Data Fusion (of Everything)
- Speaker: Prof Blaz Zupan (University of Ljubljana)
- Host: Goran Nenadic
- 10th February 2016 at 14:00 in KB L.T. 1.4
Have you ever been overwhelmed by data --- not only by their volume but also by their sheer multitude? In many fields, including life sciences, the data abounds. One of the grand challenges of machine learning is to infer a predictive model by jointly considering all the available data sets. In bioinformatics, this would be integrating data sets as diverse as, say, gene expression, interactions, functional annotations, phenotype information, various ontologies, disease markers, structural properties of chemicals, Facebook and Twitter (ok, I perhaps went too far with the last two items). That is, the learning algorithm would need to consider all available information, even if only circumstantially related to the problem at hand. At University of Ljubljana we have developed a computational approach that uses collective matrix tri-factorization and can consider such diverse data sets. Tri-factorization infers a joint latent data model.
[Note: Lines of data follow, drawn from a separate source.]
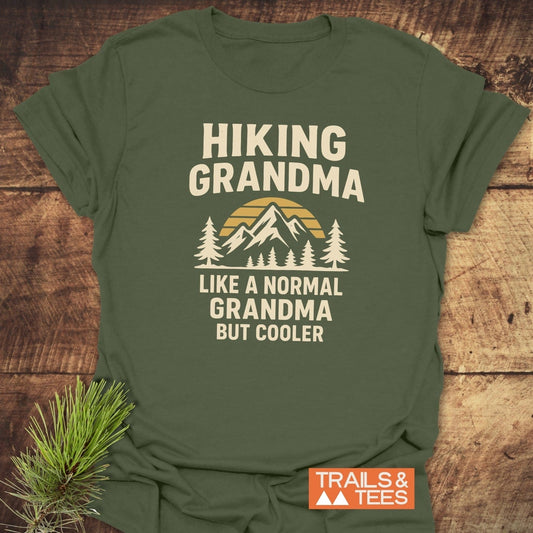 Hiking Grandma Sunrise T-Shirt featuring a sunrise behind a mountain with pine trees, text: HIKING GRANDMA, LIKE A NORMAL GRANDMA BUT COOLER, on soft cotton.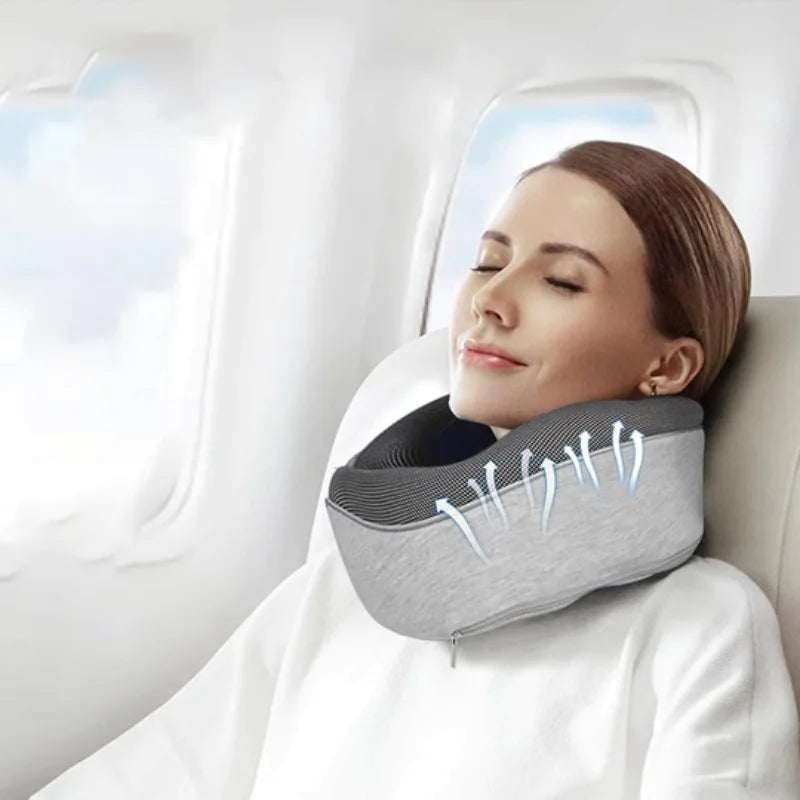 Woman using an inflatable neck pillow on a plane
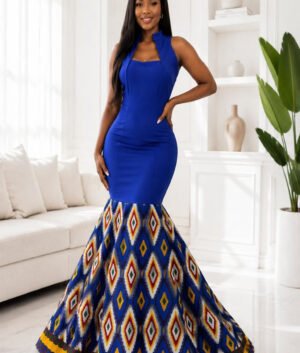 A Woman Wearing A Royal Blue And Ankara Geometric Diamond Accent Mermaid Gown.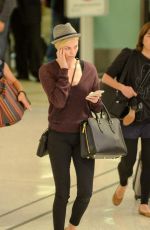 CHARLIZE THERON at LAX Airport in Los Angeles 09/29/2015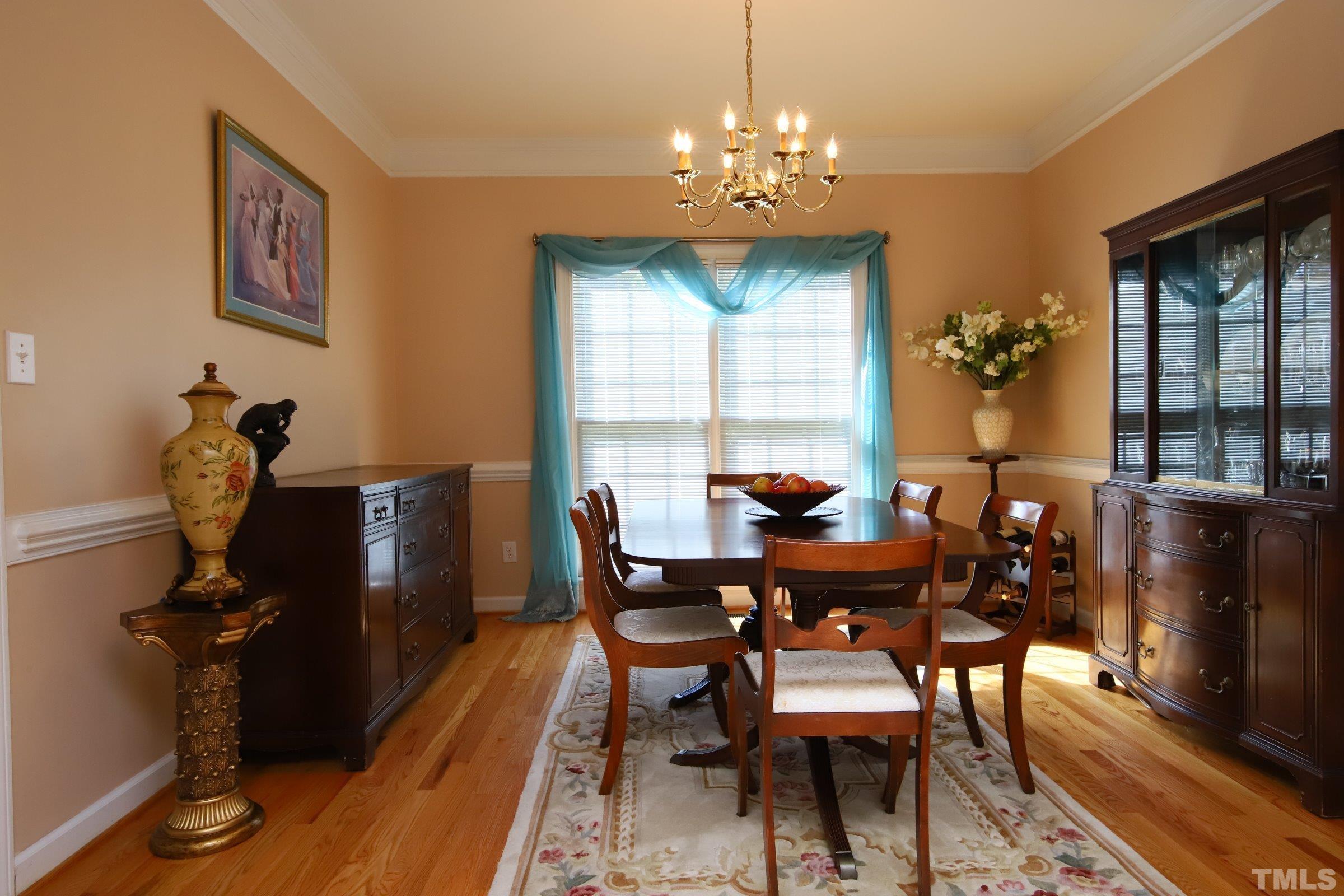3307 Meadowrun Drive Durham, NC 27707 - Photo 14 of 29 a view of a dining room with furniture and chandelier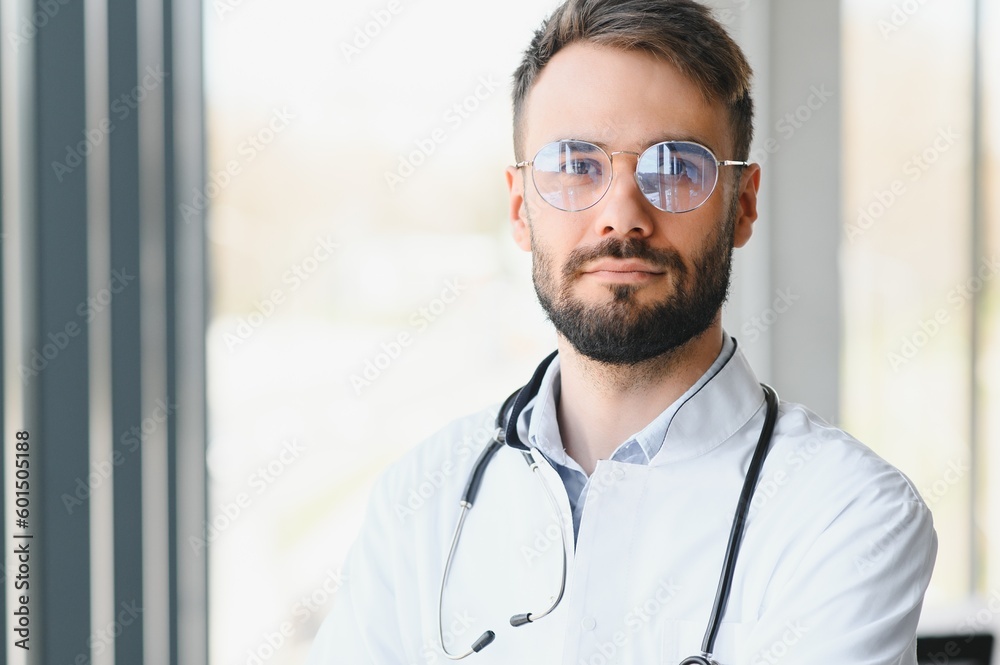 Portrait of young male doctor with stethoscope, close up Portrait of young male doctor with stethoscope, close up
The model can be used for various data mining tasks, such as class prediction and ranking. Our experiments show that through a broad integration of heterogeneous data sets we can substantially increase the accuracy. In the talk, I will present the intuition behind data fusion by matrix tri-factorization, and show its application in several recent studies, including in finding of new bacterial response genes in social amoeba Dictyostelium.